FRAUD, WASTE, & ABUSE REFORMS
CMS and stakeholders have expressed significant concerns about waste, fraud, and abuse in the home health industry, including vulnerabilities to improper payments, abusive billing practices, and unqualified providers entering the program (concerns validated by recent GAO and OIG investigations showing unusually high improper payment rates in home health agencies, particularly in states such as California, Pennsylvania, and Texas). To that end – and given the Trump administration’s intense focus on reducing wasteful federal spending – CMS proposed several revisions to Medicare provider enrollment regulations to strengthen program integrity and address fraud, waste, and abuse, including:
- Expanding the grounds for revocation or denial of enrollment to cover abusive billing patterns, beneficiary attestations that services were not furnished, and modifications to language around prescribing authority for Medicare-covered drugs.

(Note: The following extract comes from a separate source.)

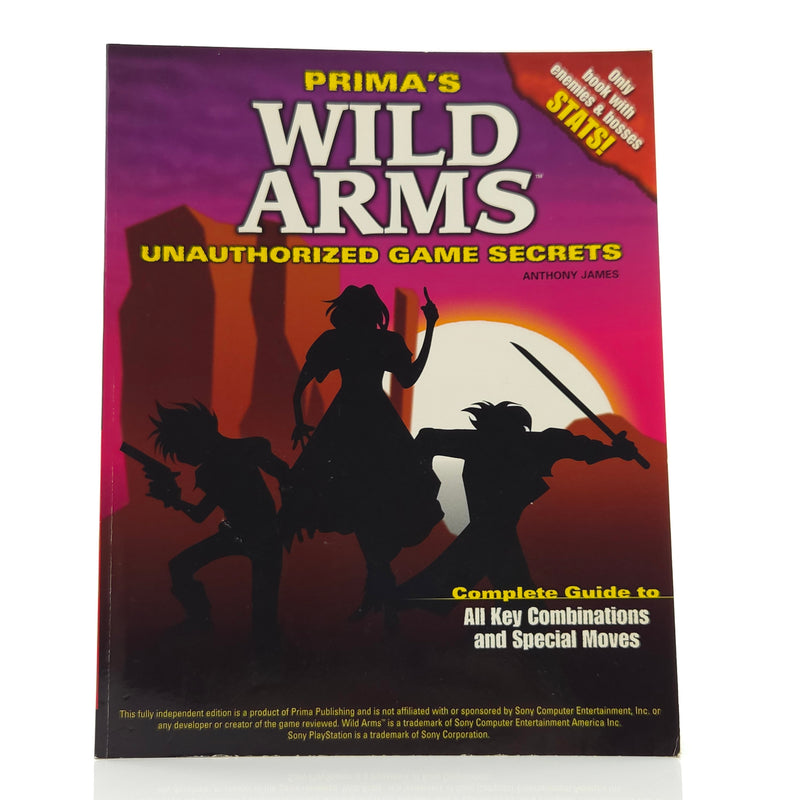Playstation 1 Spieleberater : Wild Arms - Primas Strategy Guide PS1 Game Secrets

- Expanding the retroactive effective dates for revocations to the onset of noncompliance in additional scenarios, such as lapsed liability insurance for independent diagnostic testing facilities, failure to report required changes, or abusive billing, to enable recovery of improper payments from that date.

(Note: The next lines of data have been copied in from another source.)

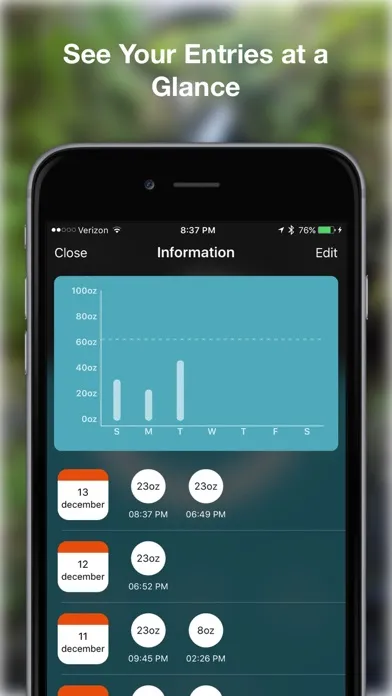 H2O - Water Tracker سکرین شاٹس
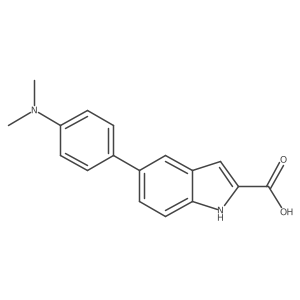 5-[4-(Dimethylamino)phenyl]-1H-indole-2-carboxylic acid Structure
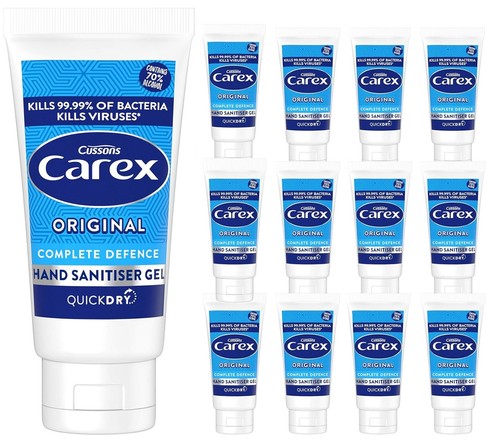 Carex hand sanitiser - carex, gel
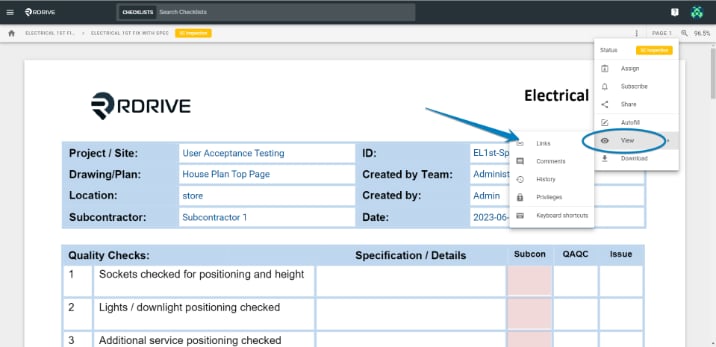 How to view the Attached Documentation to a Form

- Other reforms, such as requiring providers and suppliers to report adverse legal actions within 30 days, deactivating billing privileges for physicians and practitioners who have not ordered or certified services in 12 consecutive months, and making technical corrections to related regulatory text.

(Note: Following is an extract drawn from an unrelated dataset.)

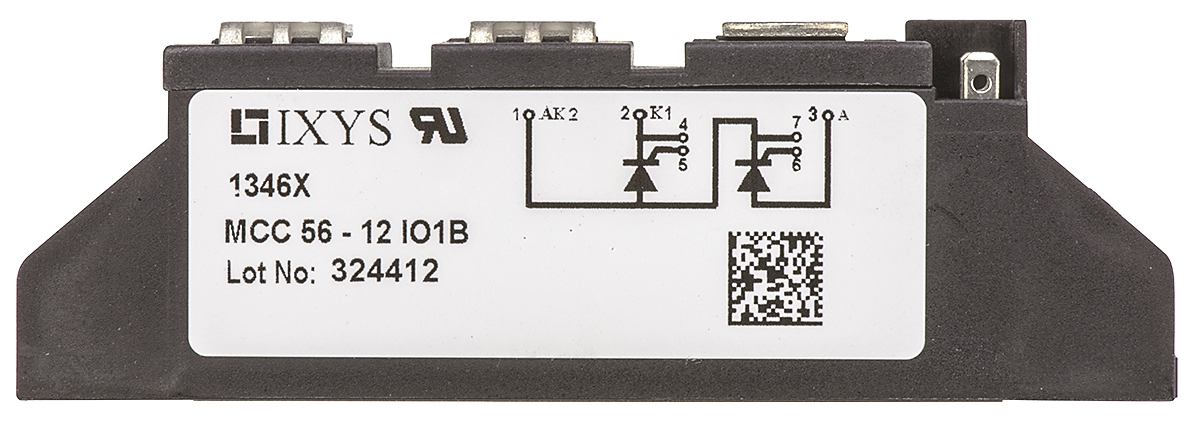 IXYS MCC56-12io1B, Dual Thyristor Module 1200V, 64A 100mA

CMS finalized the Medicare provider enrollment provisions as proposed, without modification.
AGENCY REPLIES TO REQUESTS FOR INFORMATION (RFIS)
The proposed rule included four Requests for Information (RFIs) related to the Home Health Quality Reporting Program (HH QRP) and the expanded Home Health Value-Based Purchasing (HHVBP) Model, and the final rule summarized the public comments received. An overview of those RFIs is below.
- Data Submission Deadlines for HH QRP: Commenters generally supported reducing the deadline from 4.5 months to 45 days after the end of the reporting period to enable more timely public reporting and decision-making, though some suggested phased implementation, pilot programs, or alternatives like 60 or 90 days; concerns included increased administrative burden, potential errors, and financial pressures on smaller agencies.
- Digital Quality Measures for HH QRP: Commenters expressed strong support for transitioning to digital quality measures using standards like Fast Healthcare Interoperability Resources to reduce burden and improve quality, with recommendations for phased implementation, funding, technical assistance, APIs, and training; concerns focused on varying IT readiness among agencies and the lack of HITECH-like funding for home health.
- Future HH QRP Quality Measure Concepts: Commenters supported concepts in interoperability (e.g., national standards and federal funding, with barriers like low IT adoption noted), cognitive function (e.g., emphasis on maintenance rather than improvement and limitations of existing OASIS tools), well-being (e.g., evidence-based tools, process measures, and caregiver input, with concerns about scope in short stays), and nutrition (e.g., validated tools like the Malnutrition Composite Score and process measures, though some opposed due to complexity and short timeframes).
- Future HHVBP Measure Concepts: Commenters supported a respecified Falls with Major Injury measure using multiple data sources but raised concerns about reporting accuracy, episodic care, and unintended penalties; for HHCAHPS changes, there was opposition to achievement-only scoring and single-item additions, with preferences for full improvement points and patient-reported outcomes.